EXERCISE DETAILS
Set down only these lines, exactly: the line containing "Image du produit pour Tambour de frein" and all lines through the end of the data below. Omit pictures.

DATA SUPPLIED
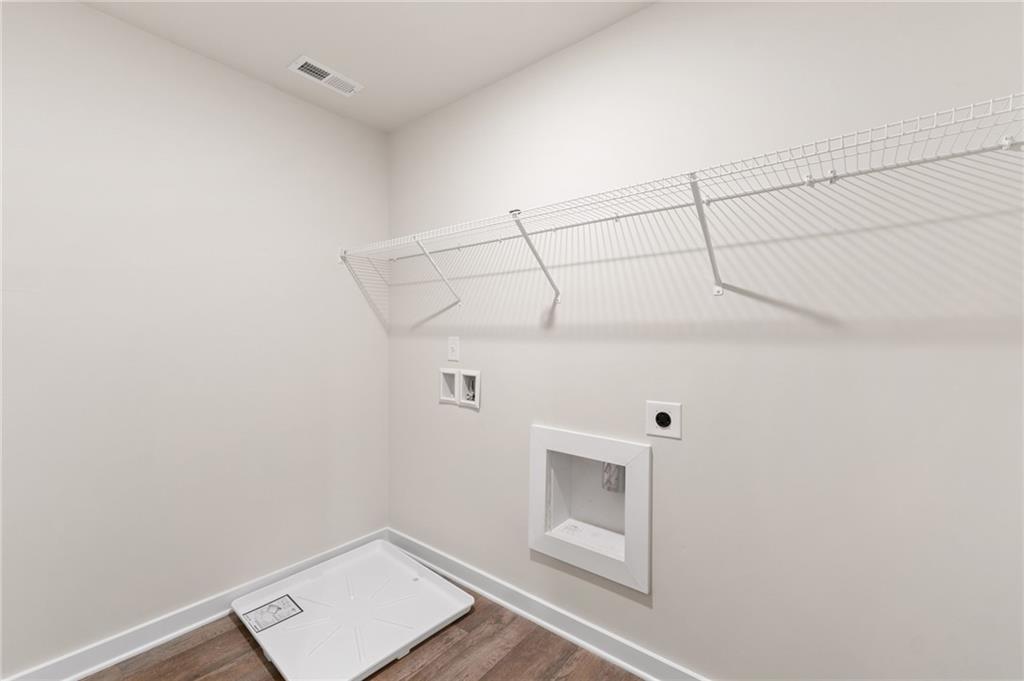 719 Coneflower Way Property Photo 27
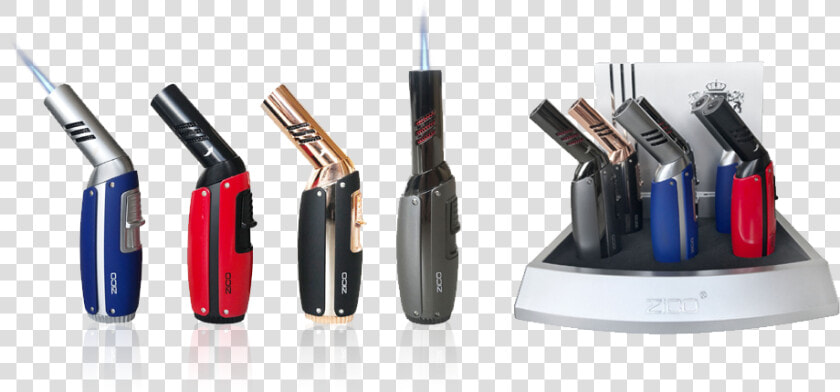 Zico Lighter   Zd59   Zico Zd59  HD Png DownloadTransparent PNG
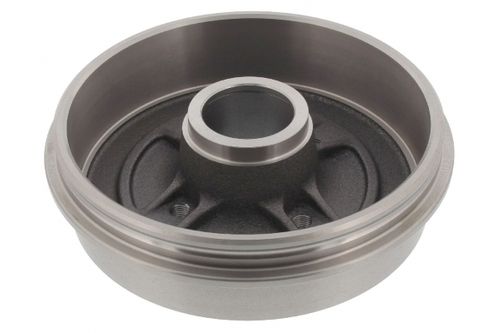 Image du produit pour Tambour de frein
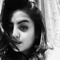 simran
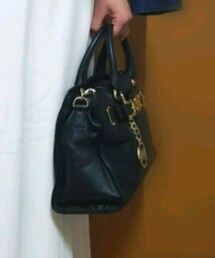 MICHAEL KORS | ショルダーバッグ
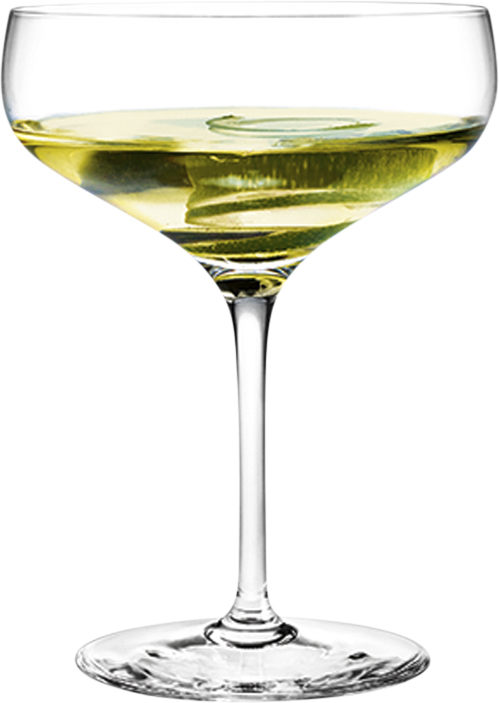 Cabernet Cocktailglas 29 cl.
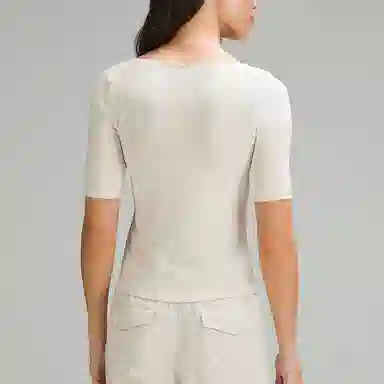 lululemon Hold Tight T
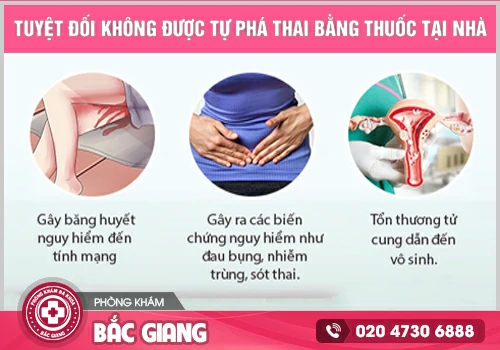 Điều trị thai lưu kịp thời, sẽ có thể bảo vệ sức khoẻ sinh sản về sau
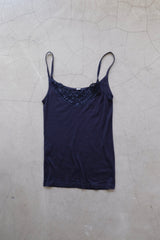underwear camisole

ANSWER FOR THIS EXERCISE
 Image du produit pour Tambour de frein
 simran
 MICHAEL KORS | ショルダーバッグ
 Cabernet Cocktailglas 29 cl.
 lululemon Hold Tight T
 Điều trị thai lưu kịp thời, sẽ có thể bảo vệ sức khoẻ sinh sản về sau
underwear camisole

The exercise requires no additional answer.